How Inflammaging Drives Age-Related Obesity in Cats — and What It Reveals About Human Aging

Aging fundamentally disrupts the body's ability to resolve inflammation, tipping the balance toward a persistent low-grade pro-inflammatory state called inflammaging. First coined by Franceschi et al. in 2000, inflammaging is driven largely by the senescence-associated secretory phenotype (SASP) — a dynamic secretome released by senescent cells that includes pro-inflammatory cytokines (notably IL-6 and IL-8), chemokines, matrix metalloproteases, growth factors, and extracellular vesicles. SASP regulation occurs at transcriptional and post-transcriptional levels, with NF-κB serving as the master regulator. The mature SASP phase is reached within 4–10 days of DNA damage induction and, when chronically sustained, disrupts tissue function and accelerates aging pathologies including obesity, type 2 diabetes, cardiovascular disease, neurodegeneration, and certain cancers.

Cats are highlighted as a particularly relevant model for studying age-related metabolic disease because their glucose and lipid metabolism diverges significantly from dogs and parallels human susceptibility. Feline livers lack glucokinase — the rate-limiting glycolytic enzyme — while gluconeogenic enzyme activity is paradoxically elevated. Critically, cats basally express significantly lower mRNA levels of key insulin signaling components including IRS-1, IRS-2, and PI3K P-85α compared to dogs, and expression of IRS-2 and PI3K mRNA decreases further in obese cats' liver and skeletal muscle. Adiponectin, the anti-inflammatory insulin-sensitizing adipokine, is already lower in cats at baseline and falls further with weight gain, making cats inherently predisposed to insulin resistance and visceral obesity.
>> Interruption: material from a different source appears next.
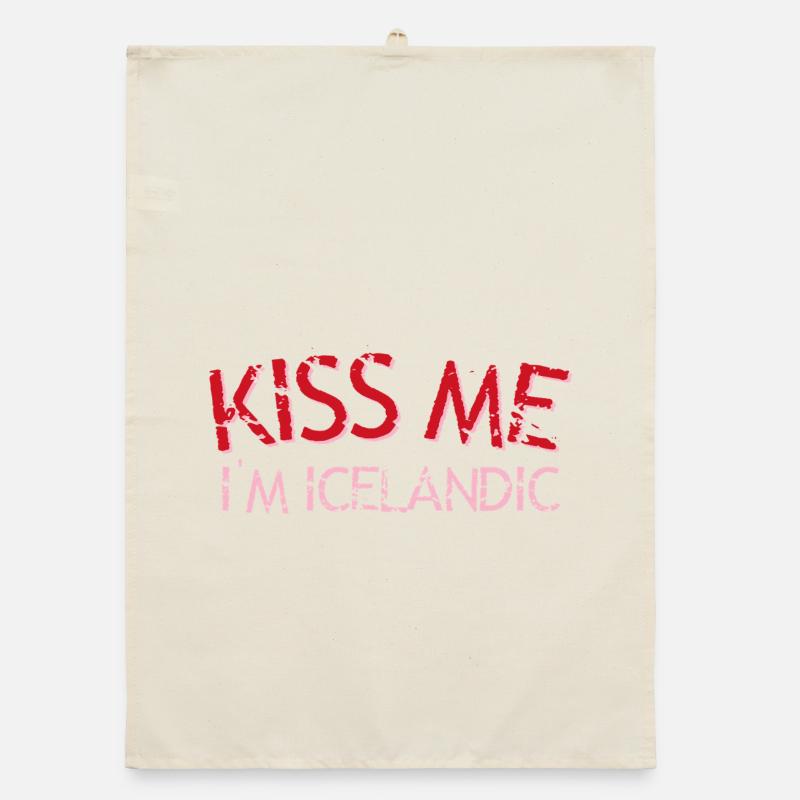 Küss mich, ich bin Isländer Organic Geschirrtuch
Obesity prevalence in cats is estimated at 30–40%, rising with age — mirroring human obesity epidemics. The review draws on studies using Body Condition Score (BCS) as the primary assessment tool, a 9-point scale where 5 is ideal and 9 is severely obese. Severely obese cats (BCS 9) exhibit excessive visceral fat accumulation with significantly increased plasma concentrations of triglycerides, free fatty acids, and TNF-α, alongside a significant decrease in adiponectin. Adipose tissue mRNA expression of lipogenic genes FAS and SREBP-1 is significantly elevated in obese cat abdominal fat and liver, accelerating ectopic lipid deposition. Aged obese cats consistently show fatty liver and enlarged adipocytes with macrophage infiltration — histological hallmarks of inflammaging-driven metabolic dysfunction.

Table 2 in the review consolidates the adipokine and cytokine profile shifts in obese cats across multiple studies: adiponectin is consistently decreased; leptin, resistin, TNF-α, IL-1β, IL-6, MCP-1, SAA, FFA, and triglycerides are all elevated. Serum amyloid A (SAA), an acute-phase reactant increasingly implicated in chronic metabolic disease and autoimmune conditions, is positively associated with visceral adiposity, suggesting visceral fat as a major SAA source — a direct SASP manifestation. These circulating adipokine shifts are explicitly characterized by the authors as SASP in action.

The review closes by emphasizing that while aging is inevitable, the onset of age-related disease can be delayed through early intervention. Adequate nutrition (macronutrient composition appropriate for obligate carnivores), moderate exercise to preserve lean mass and metabolic rate, and psychological enrichment to reduce stress-induced cortisol-driven adipogenesis are identified as the primary levers. The authors frame cats not merely as veterinary patients but as valuable translational models for investigating human inflammaging and metabolic syndrome, given their spontaneous development of obesity, insulin resistance, and fatty liver with age — without requiring genetic manipulation.